Strip out the pictures and output each remaining line of the data word for word.

#### Records for the task ####

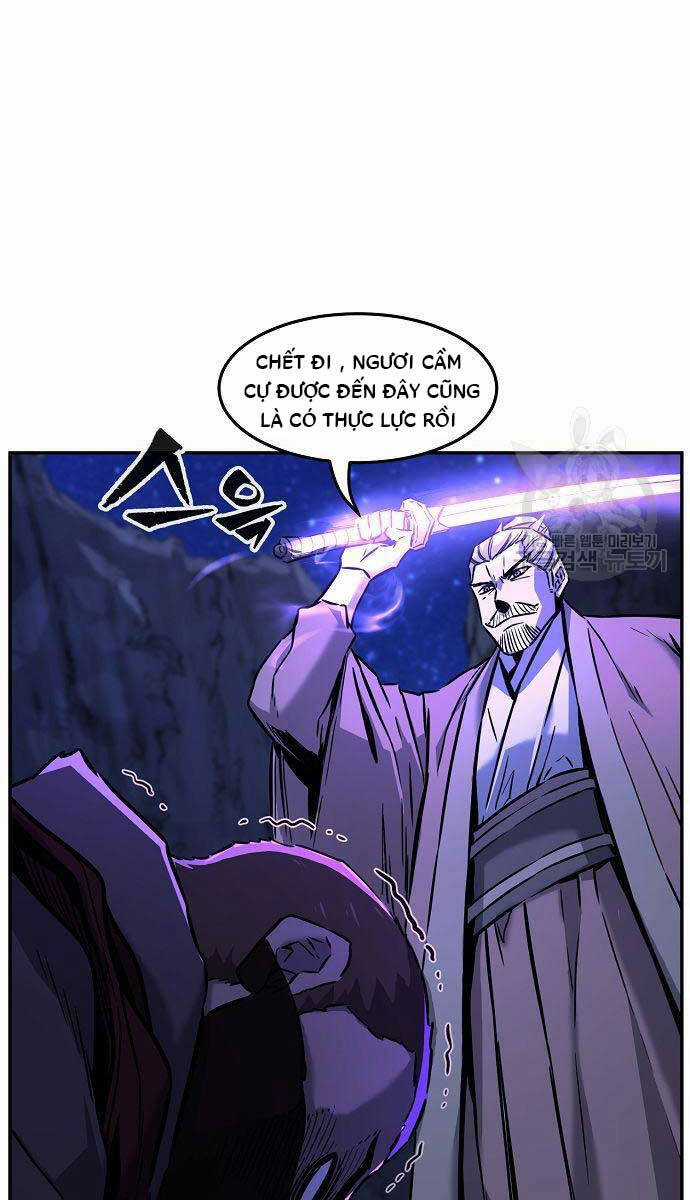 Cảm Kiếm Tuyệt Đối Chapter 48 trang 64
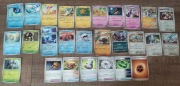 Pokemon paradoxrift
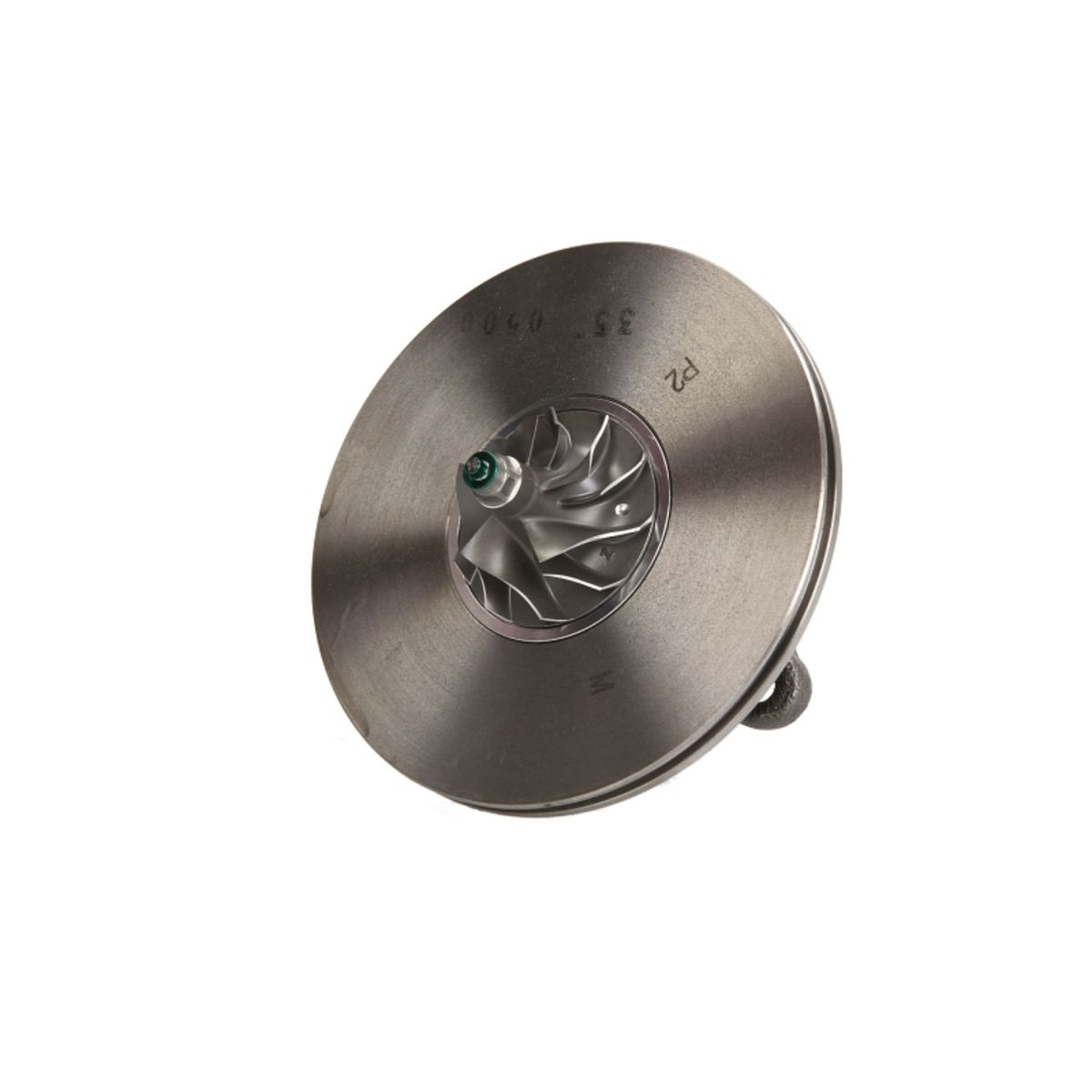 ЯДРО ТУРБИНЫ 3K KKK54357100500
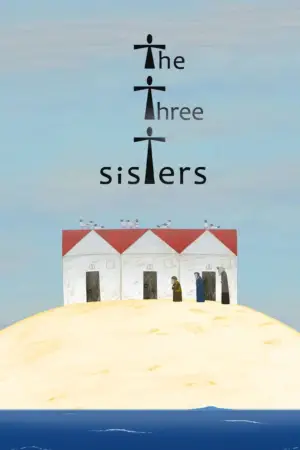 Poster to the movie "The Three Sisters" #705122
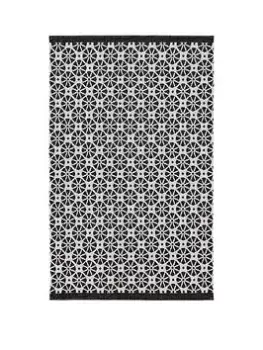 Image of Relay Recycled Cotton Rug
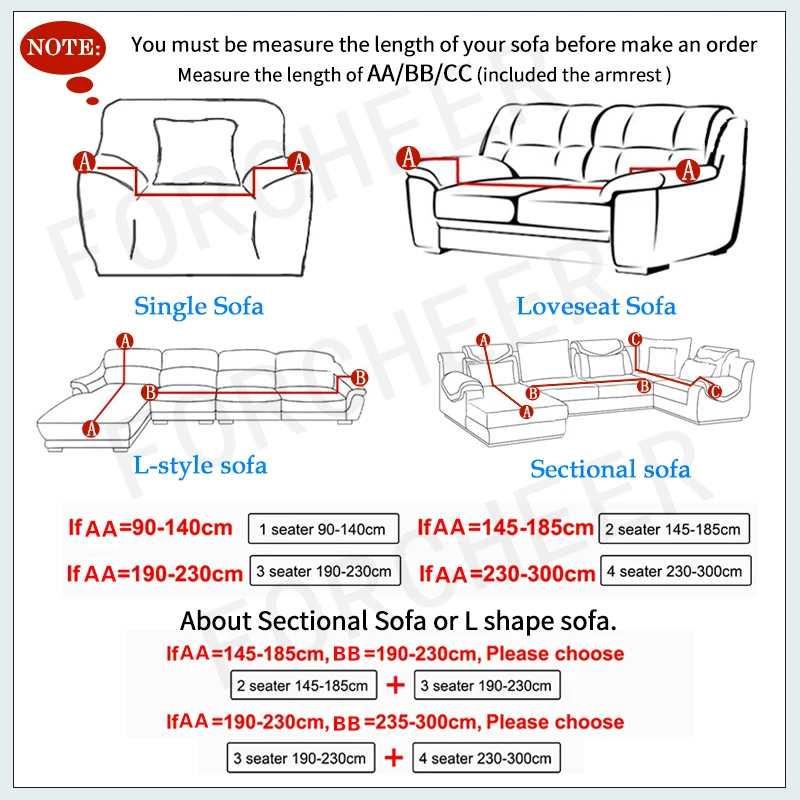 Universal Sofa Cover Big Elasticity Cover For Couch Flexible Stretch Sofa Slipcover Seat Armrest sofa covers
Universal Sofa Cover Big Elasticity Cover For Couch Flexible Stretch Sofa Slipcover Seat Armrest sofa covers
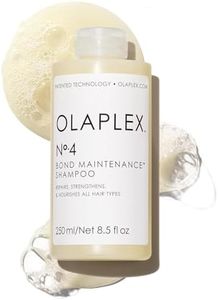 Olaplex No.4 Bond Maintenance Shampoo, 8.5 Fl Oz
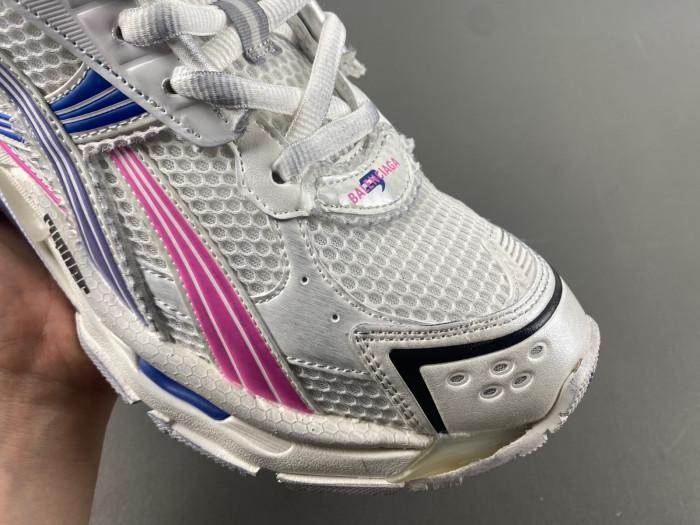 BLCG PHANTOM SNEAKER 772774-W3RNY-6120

####

**Completed exercise**
 Cảm Kiếm Tuyệt Đối Chapter 48 trang 64
 Pokemon paradoxrift
 ЯДРО ТУРБИНЫ 3K KKK54357100500
 Poster to the movie "The Three Sisters" #705122
 Image of Relay Recycled Cotton Rug
 Universal Sofa Cover Big Elasticity Cover For Couch Flexible Stretch Sofa Slipcover Seat Armrest sofa covers
Universal Sofa Cover Big Elasticity Cover For Couch Flexible Stretch Sofa Slipcover Seat Armrest sofa covers
 Olaplex No.4 Bond Maintenance Shampoo, 8.5 Fl Oz
 BLCG PHANTOM SNEAKER 772774-W3RNY-6120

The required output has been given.